### Task to complete
Print every record exactly as it appears. Leave the pictures out.

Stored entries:

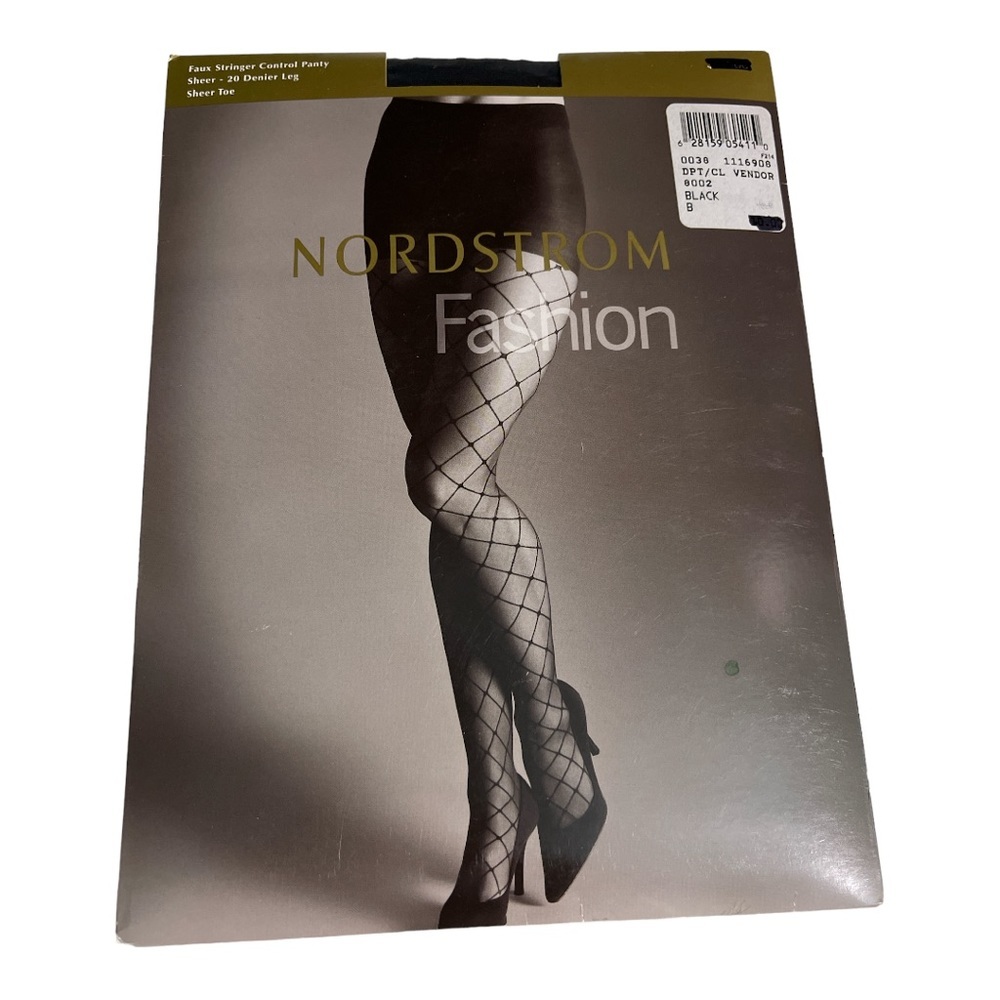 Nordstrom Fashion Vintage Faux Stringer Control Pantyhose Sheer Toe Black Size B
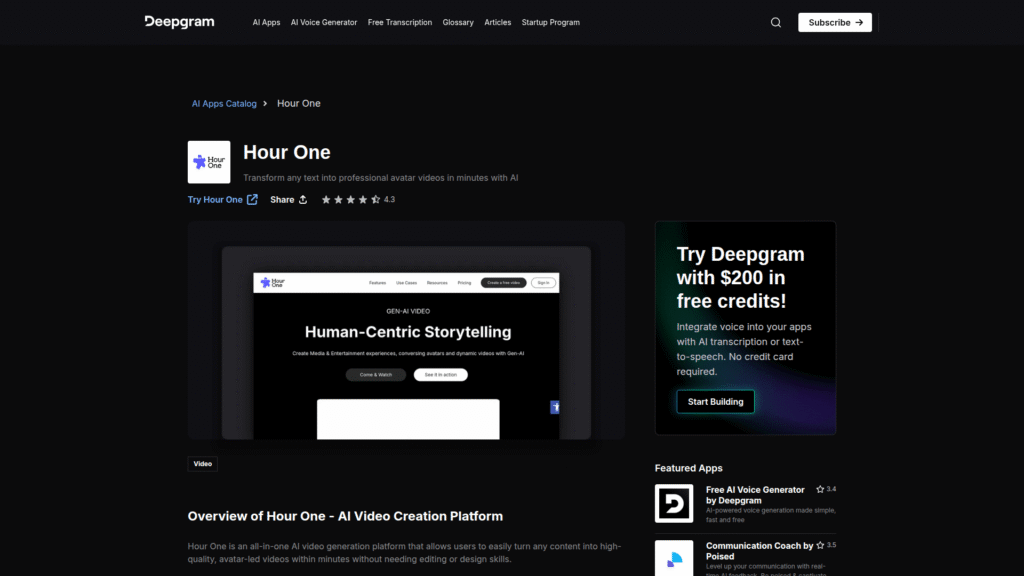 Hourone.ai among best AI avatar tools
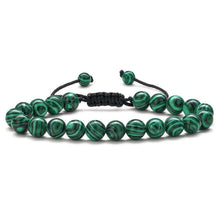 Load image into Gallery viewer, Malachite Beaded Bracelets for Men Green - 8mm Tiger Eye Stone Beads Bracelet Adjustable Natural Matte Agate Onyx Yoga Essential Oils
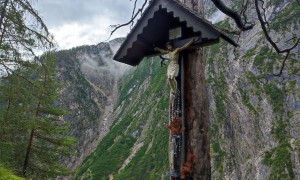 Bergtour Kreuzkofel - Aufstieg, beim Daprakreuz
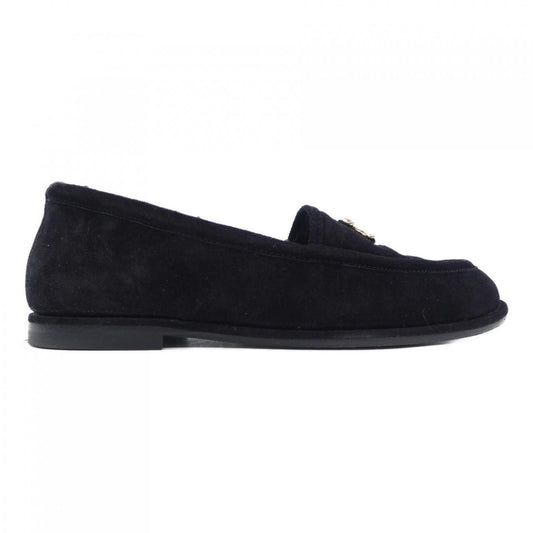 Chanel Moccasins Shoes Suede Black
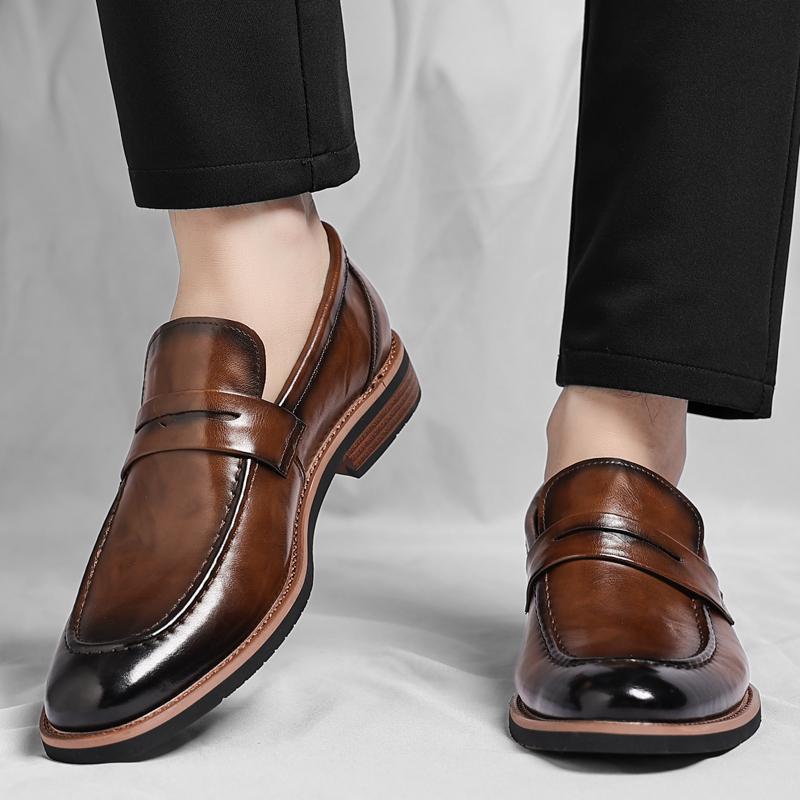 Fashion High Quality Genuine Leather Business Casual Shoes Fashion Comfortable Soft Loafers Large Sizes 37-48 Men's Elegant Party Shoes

### Task output
 Nordstrom Fashion Vintage Faux Stringer Control Pantyhose Sheer Toe Black Size B
 Hourone.ai among best AI avatar tools
 Load image into Gallery viewer, Malachite Beaded Bracelets for Men Green - 8mm Tiger Eye Stone Beads Bracelet Adjustable Natural Matte Agate Onyx Yoga Essential Oils
 Bergtour Kreuzkofel - Aufstieg, beim Daprakreuz
 Chanel Moccasins Shoes Suede Black
 Fashion High Quality Genuine Leather Business Casual Shoes Fashion Comfortable Soft Loafers Large Sizes 37-48 Men's Elegant Party Shoes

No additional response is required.